- EXTRACTED RECORDS -
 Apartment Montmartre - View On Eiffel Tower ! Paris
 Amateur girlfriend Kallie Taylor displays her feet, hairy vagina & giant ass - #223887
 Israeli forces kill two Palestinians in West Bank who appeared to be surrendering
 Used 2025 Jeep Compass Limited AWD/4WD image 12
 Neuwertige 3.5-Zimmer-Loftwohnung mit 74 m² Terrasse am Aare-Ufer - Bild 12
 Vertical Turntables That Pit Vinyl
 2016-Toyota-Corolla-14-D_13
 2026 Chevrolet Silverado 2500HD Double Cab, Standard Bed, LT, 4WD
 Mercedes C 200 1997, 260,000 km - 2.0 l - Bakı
---
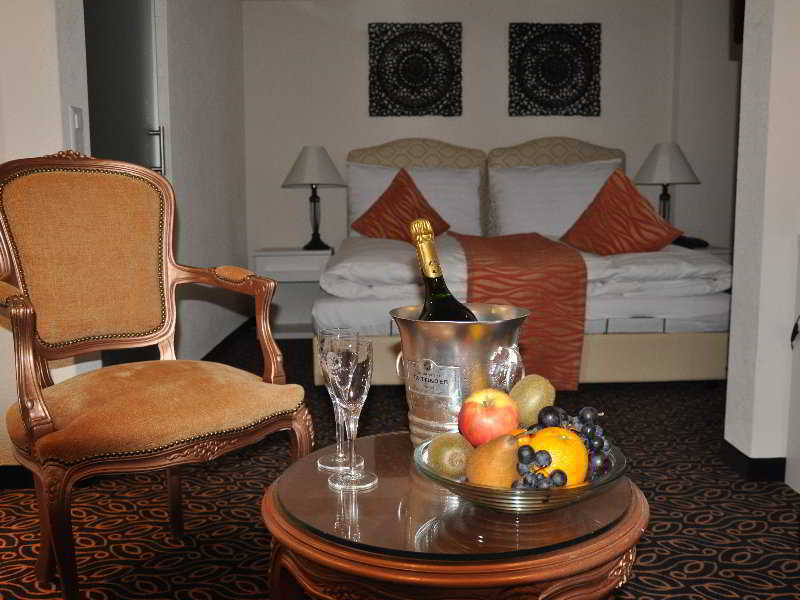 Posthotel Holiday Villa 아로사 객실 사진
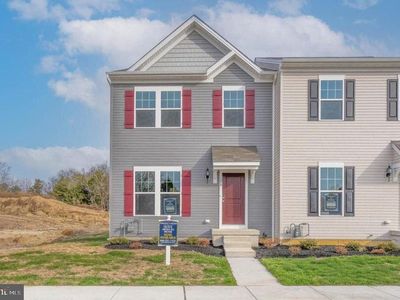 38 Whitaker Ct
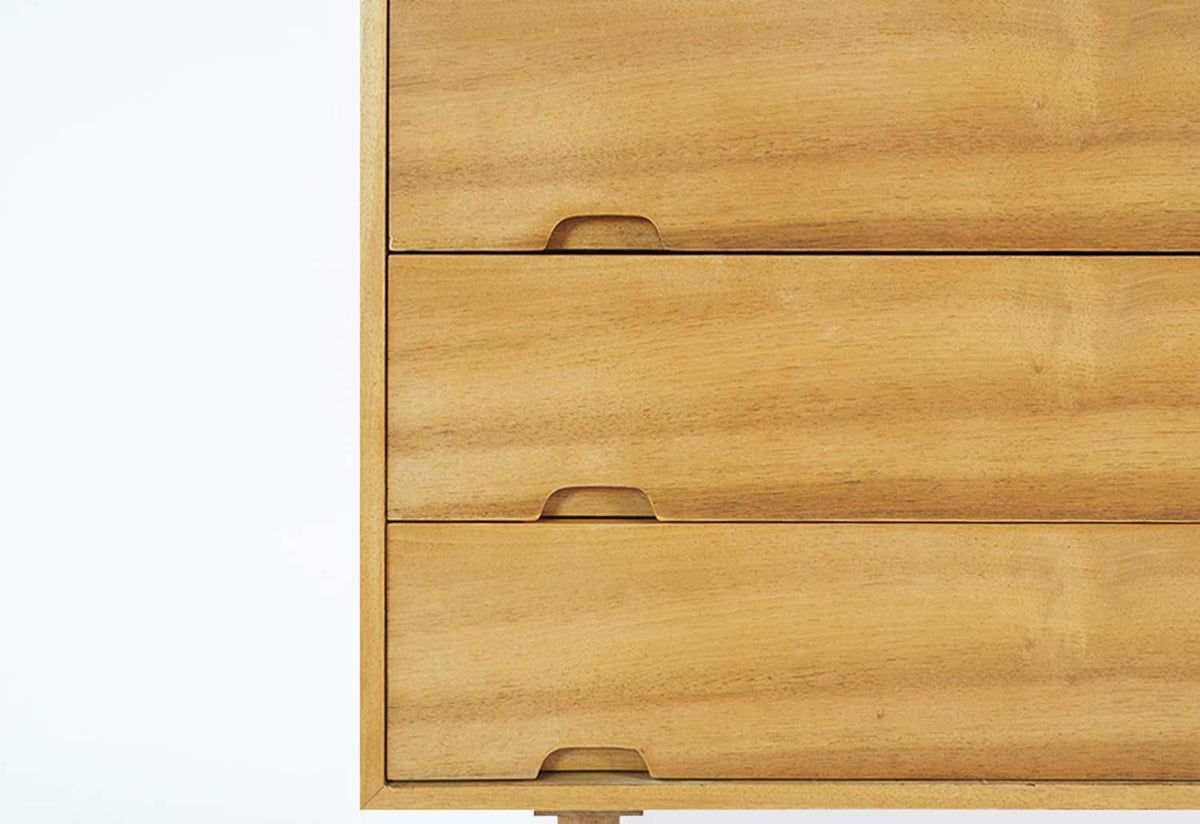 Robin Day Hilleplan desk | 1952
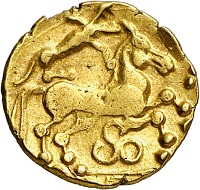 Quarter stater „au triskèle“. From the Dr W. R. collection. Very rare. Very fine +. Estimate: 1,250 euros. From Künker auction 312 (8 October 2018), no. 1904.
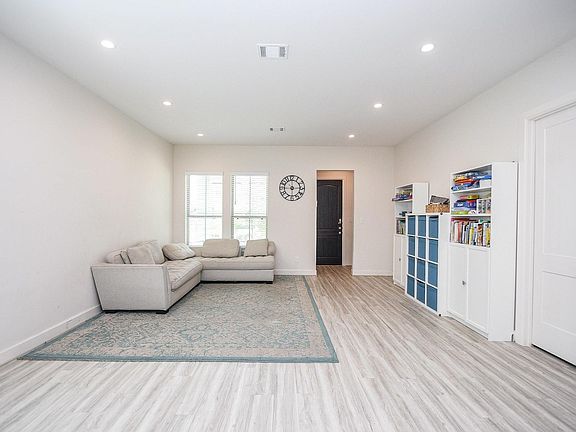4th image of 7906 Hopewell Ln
==
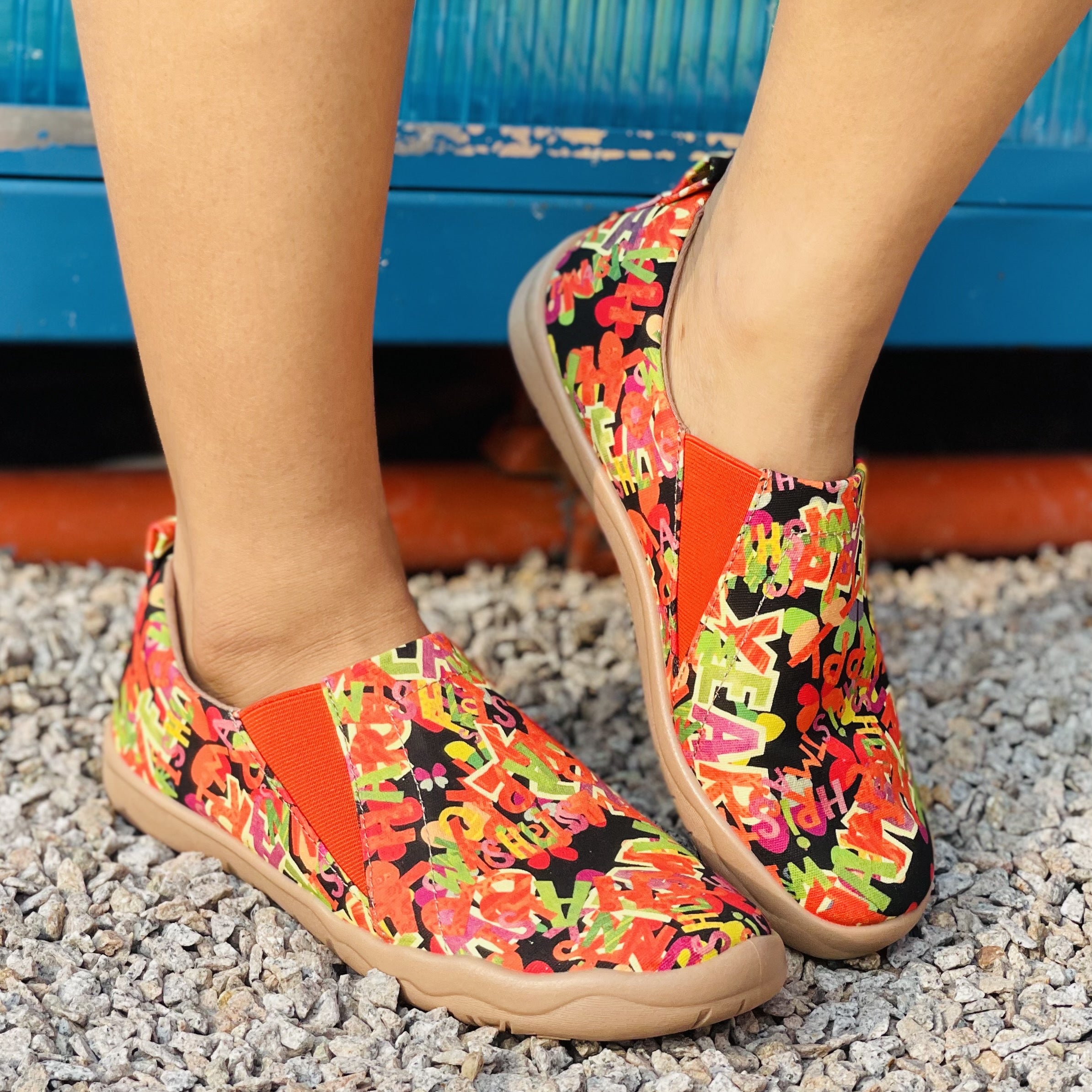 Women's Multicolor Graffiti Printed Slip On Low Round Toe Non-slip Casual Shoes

- GOAL OF THE EXERCISE -
Set the pictures aside and transcribe exactly the stretch of lines above, beginning with the one holding "Quarter stater „au" and ending with the one holding "4th image of 7906 Hopewell Ln".

- WRITTEN REPLY -
 Quarter stater „au triskèle“. From the Dr W. R. collection. Very rare. Very fine +. Estimate: 1,250 euros. From Künker auction 312 (8 October 2018), no. 1904.
4th image of 7906 Hopewell Ln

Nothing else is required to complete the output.